**Requirement**
Reproduce verbatim the final portion of the material below, from the line containing "Celebrate the Gosset’s Exception" through its last line, and nothing else.

++++++

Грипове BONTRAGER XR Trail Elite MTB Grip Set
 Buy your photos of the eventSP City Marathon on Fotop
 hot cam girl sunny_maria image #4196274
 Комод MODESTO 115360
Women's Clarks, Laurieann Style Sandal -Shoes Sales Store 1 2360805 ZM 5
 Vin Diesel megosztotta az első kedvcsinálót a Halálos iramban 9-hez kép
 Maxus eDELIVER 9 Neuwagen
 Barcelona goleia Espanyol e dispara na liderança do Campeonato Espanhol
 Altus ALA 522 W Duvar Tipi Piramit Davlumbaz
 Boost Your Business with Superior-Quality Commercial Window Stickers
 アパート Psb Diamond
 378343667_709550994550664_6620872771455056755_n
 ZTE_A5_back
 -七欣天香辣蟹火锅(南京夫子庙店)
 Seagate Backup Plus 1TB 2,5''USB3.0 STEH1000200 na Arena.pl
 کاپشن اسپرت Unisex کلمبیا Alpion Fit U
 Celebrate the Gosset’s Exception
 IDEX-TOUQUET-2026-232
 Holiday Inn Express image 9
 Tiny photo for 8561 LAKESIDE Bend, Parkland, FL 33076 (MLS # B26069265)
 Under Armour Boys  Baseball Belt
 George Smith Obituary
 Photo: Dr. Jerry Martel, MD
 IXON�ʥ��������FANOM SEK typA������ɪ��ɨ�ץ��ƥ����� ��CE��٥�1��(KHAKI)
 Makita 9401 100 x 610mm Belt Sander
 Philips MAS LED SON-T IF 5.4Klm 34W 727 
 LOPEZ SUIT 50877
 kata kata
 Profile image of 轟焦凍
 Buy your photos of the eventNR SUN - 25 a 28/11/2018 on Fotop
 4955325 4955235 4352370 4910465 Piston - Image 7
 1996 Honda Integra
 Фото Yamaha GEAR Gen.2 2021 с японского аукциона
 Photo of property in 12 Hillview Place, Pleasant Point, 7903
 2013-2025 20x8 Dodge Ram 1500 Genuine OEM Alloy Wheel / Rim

++++++

**Your response**
 Celebrate the Gosset’s Exception
 IDEX-TOUQUET-2026-232
 Holiday Inn Express image 9
 Tiny photo for 8561 LAKESIDE Bend, Parkland, FL 33076 (MLS # B26069265)
 Under Armour Boys  Baseball Belt
 George Smith Obituary
 Photo: Dr. Jerry Martel, MD
 IXON�ʥ��������FANOM SEK typA������ɪ��ɨ�ץ��ƥ����� ��CE��٥�1��(KHAKI)
 Makita 9401 100 x 610mm Belt Sander
 Philips MAS LED SON-T IF 5.4Klm 34W 727 
 LOPEZ SUIT 50877
 kata kata
 Profile image of 轟焦凍
 Buy your photos of the eventNR SUN - 25 a 28/11/2018 on Fotop
 4955325 4955235 4352370 4910465 Piston - Image 7
 1996 Honda Integra
 Фото Yamaha GEAR Gen.2 2021 с японского аукциона
 Photo of property in 12 Hillview Place, Pleasant Point, 7903
 2013-2025 20x8 Dodge Ram 1500 Genuine OEM Alloy Wheel / Rim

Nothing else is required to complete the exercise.